* [Work item]
Pictures are to be excluded. Please print only the lines from the one containing "Trapstar London Mens" through the end of the data, exactly as they appear.

* [Supplied material]

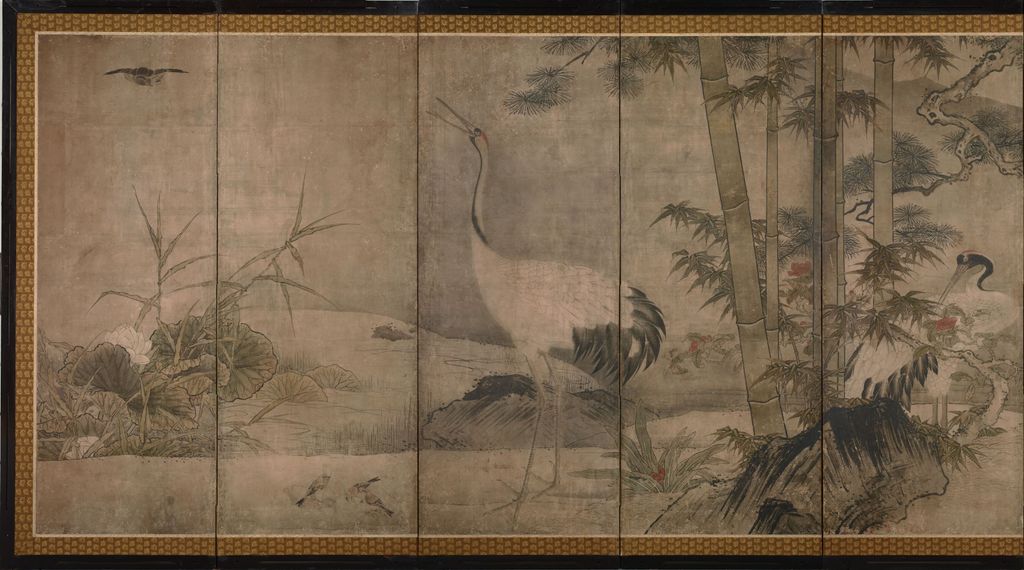 室町时代 四季花鸟图屏风-二屏预览图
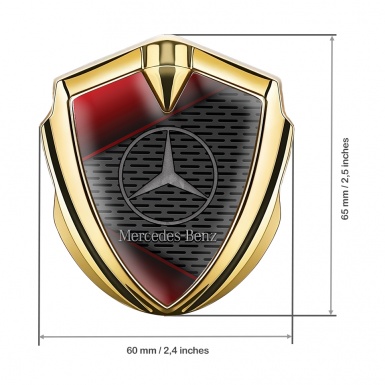 Mercedes Benz Trunk Metal Emblem Badge Gold Dark Grille Red Blade Design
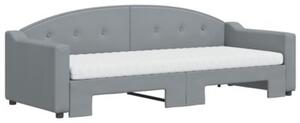 Sofa rozsuwana z materacami, jasnoszara, 80x200 cm, tkanina
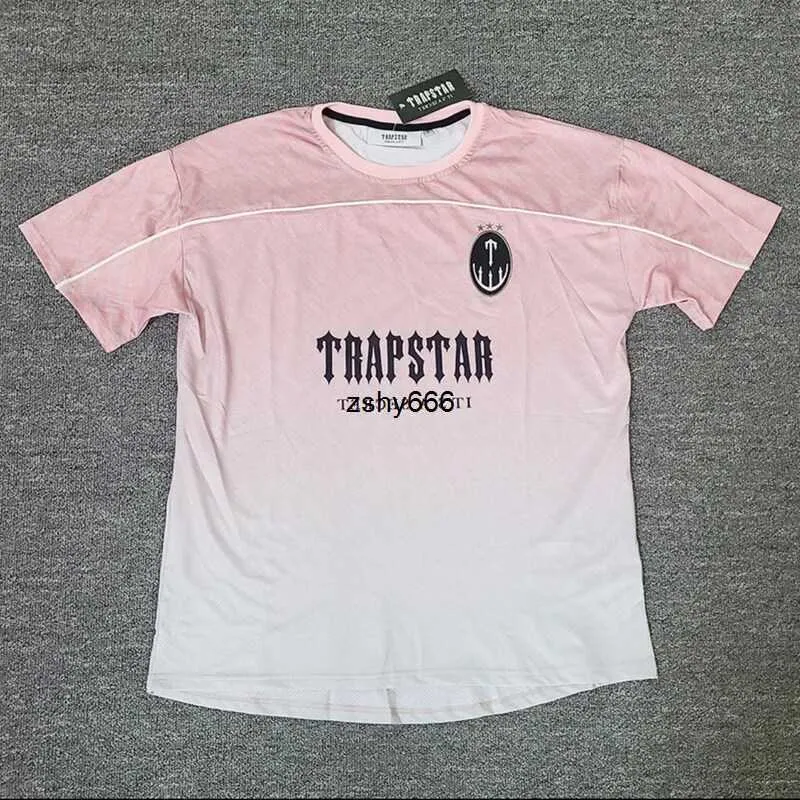 Trapstar London Mens Streetwear футболка бесплатно хип -хоп розовый короткий рукав негабаритный рукав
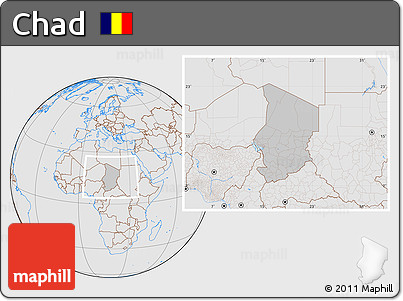 Gray Location Map of Chad, lighten, desaturated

* [Solution for this problem]
 Trapstar London Mens Streetwear футболка бесплатно хип -хоп розовый короткий рукав негабаритный рукав
 Gray Location Map of Chad, lighten, desaturated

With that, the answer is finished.